Required work :: Wherever a line in the records below contains "Jeep", copy that line.

Listed records ::
##########

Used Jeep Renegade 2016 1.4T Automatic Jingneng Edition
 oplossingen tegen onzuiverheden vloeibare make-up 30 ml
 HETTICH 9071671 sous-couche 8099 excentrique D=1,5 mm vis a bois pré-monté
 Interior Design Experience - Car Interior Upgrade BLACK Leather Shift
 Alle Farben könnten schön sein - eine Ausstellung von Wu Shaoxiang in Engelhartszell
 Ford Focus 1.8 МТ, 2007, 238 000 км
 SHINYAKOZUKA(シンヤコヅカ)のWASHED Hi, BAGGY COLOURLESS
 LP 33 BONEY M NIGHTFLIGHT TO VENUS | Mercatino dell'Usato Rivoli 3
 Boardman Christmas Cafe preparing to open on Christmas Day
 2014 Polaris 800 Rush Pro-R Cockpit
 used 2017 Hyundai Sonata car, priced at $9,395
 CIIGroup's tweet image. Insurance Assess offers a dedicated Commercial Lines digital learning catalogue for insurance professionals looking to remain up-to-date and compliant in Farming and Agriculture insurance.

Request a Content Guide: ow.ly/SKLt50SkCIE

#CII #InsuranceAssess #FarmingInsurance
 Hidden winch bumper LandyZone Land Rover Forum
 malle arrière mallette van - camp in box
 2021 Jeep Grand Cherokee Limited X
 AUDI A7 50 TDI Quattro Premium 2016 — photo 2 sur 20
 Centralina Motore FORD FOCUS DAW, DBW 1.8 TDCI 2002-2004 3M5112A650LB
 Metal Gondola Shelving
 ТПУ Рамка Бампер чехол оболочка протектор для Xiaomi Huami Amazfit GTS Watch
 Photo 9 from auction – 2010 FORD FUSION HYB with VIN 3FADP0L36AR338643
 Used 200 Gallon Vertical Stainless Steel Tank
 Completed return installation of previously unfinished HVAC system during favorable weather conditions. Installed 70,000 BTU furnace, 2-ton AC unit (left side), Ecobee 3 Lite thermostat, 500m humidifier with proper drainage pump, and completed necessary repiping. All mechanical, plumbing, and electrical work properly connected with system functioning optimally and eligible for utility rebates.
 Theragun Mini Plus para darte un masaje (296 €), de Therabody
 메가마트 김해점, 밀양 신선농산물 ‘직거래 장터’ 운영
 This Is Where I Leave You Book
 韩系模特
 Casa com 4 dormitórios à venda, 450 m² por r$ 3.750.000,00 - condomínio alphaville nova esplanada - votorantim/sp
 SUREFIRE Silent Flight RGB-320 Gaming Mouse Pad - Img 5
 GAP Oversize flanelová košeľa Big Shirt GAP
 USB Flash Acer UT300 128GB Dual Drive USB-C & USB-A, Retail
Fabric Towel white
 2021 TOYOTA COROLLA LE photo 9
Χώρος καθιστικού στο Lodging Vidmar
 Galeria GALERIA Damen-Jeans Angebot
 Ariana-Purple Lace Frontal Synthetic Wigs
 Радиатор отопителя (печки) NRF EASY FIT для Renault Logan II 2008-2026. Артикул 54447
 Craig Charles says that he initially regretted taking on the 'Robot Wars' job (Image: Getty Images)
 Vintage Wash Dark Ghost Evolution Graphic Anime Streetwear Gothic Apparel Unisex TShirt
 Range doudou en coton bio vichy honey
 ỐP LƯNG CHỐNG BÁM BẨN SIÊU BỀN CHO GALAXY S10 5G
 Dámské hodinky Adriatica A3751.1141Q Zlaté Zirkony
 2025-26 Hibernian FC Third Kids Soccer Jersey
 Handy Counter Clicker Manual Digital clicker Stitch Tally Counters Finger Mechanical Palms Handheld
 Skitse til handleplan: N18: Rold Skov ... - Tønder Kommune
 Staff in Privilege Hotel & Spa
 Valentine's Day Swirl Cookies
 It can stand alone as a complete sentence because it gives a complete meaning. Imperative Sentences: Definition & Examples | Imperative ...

##########

Solution ::
Used Jeep Renegade 2016 1.4T Automatic Jingneng Edition
 2021 Jeep Grand Cherokee Limited X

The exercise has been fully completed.